How can you get started with log file analysis?
With the amount of potential data that you could be working with, you’ll want to ensure that the data that you are going to be working with is real! Utilise a reverse IP address lookup to verify that any Googlebot traffic that you have data for is the real deal, and not a fake. I’ve personally crawled a number of sites using a Googlebot UserAgent, and your logs might also contain this data too.
Following on from something that Faisal mentioned – use all the (relevant) tools that are at your disposal to be able to get the best insights. A personal favourite of mine for large scale data manipulation and analysis is Python, using the Pandas library. This enables you to manipulate massive amounts of data super easily, and can really help speed up the log file analysis process.
Thank you Tom for your tips. Watch the full episode below with Tom, Faisal and Julien.

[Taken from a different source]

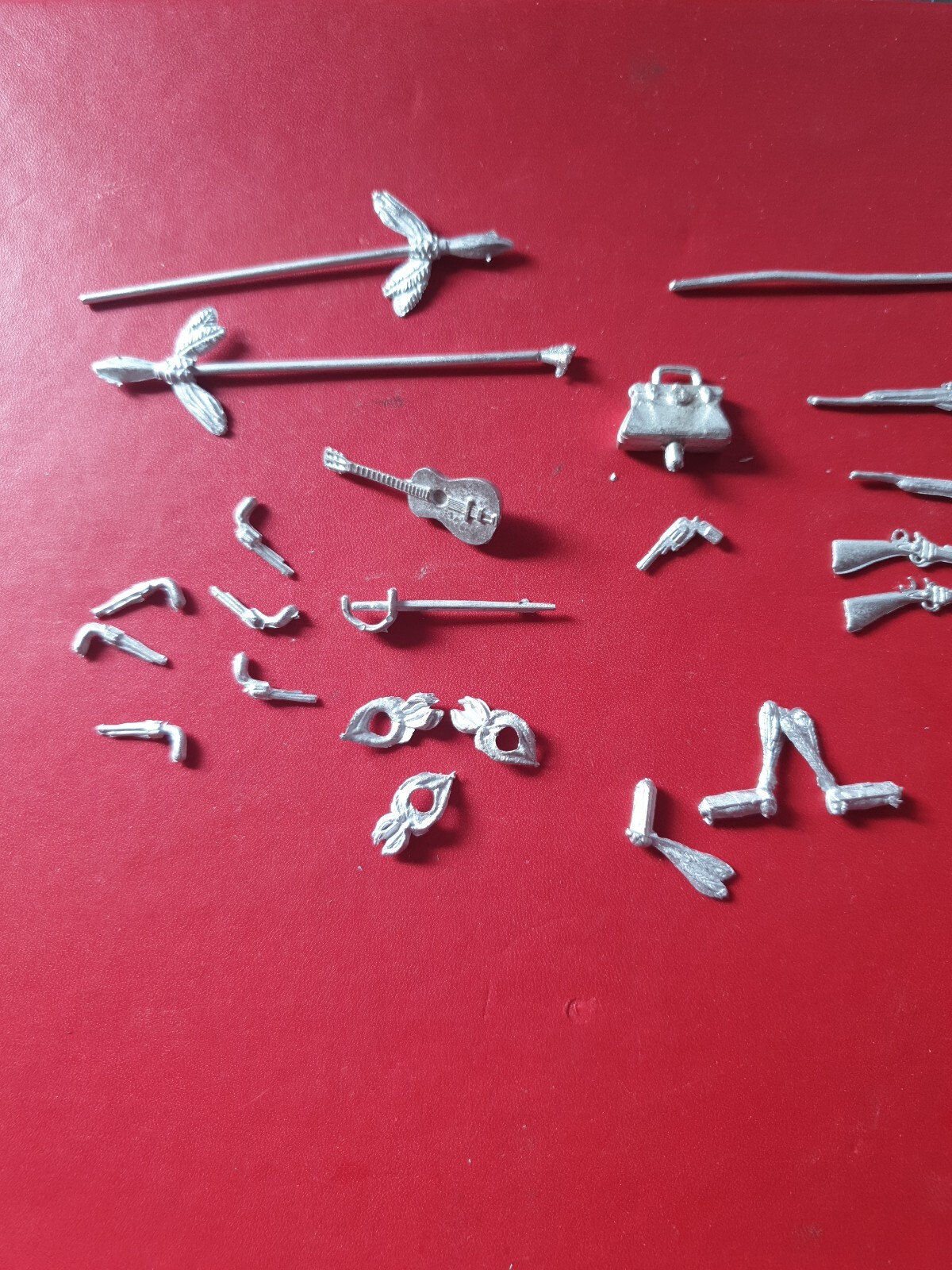 23 Spare parts For Wild West Swoppet And 54mm Toy Soldiers Metal Cast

If you’re crawling a particularly large website, consider enabling a crawl limit. You can use this to check for duplicate content issues which may not be picked up otherwise. Then, when you’re making recommendations and implementing them, you are making full use of your developer or resource, as you’ve got a comprehensive view on all the issues. Once this is complete, it should be easier to re-crawl the website and repeat the process to see if there are any more duplicate issues remaining.